Exercise directions ▸ Where does the word "Women" appear in the data? Copy every line that holds it.

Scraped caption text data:

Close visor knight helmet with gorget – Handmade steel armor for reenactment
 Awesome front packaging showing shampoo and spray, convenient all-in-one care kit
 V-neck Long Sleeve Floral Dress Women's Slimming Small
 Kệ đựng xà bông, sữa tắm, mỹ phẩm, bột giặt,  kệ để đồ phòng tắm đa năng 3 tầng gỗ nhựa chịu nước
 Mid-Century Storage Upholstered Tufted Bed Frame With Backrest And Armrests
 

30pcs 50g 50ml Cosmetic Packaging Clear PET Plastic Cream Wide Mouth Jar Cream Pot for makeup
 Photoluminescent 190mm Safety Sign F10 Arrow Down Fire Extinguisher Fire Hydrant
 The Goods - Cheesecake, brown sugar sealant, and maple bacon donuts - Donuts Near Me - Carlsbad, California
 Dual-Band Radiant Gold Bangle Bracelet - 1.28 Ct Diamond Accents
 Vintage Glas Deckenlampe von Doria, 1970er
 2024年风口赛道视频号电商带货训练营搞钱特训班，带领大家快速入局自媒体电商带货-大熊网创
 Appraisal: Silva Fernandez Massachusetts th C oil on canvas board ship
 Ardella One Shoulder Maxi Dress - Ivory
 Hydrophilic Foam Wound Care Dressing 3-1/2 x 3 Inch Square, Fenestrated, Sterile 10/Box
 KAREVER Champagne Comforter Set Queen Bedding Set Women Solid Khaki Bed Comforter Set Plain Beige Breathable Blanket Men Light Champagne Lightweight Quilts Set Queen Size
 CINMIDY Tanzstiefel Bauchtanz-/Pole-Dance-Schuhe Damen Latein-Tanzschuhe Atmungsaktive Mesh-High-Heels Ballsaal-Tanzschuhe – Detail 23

Answer for the task ▸
 V-neck Long Sleeve Floral Dress Women's Slimming Small
 KAREVER Champagne Comforter Set Queen Bedding Set Women Solid Khaki Bed Comforter Set Plain Beige Breathable Blanket Men Light Champagne Lightweight Quilts Set Queen Size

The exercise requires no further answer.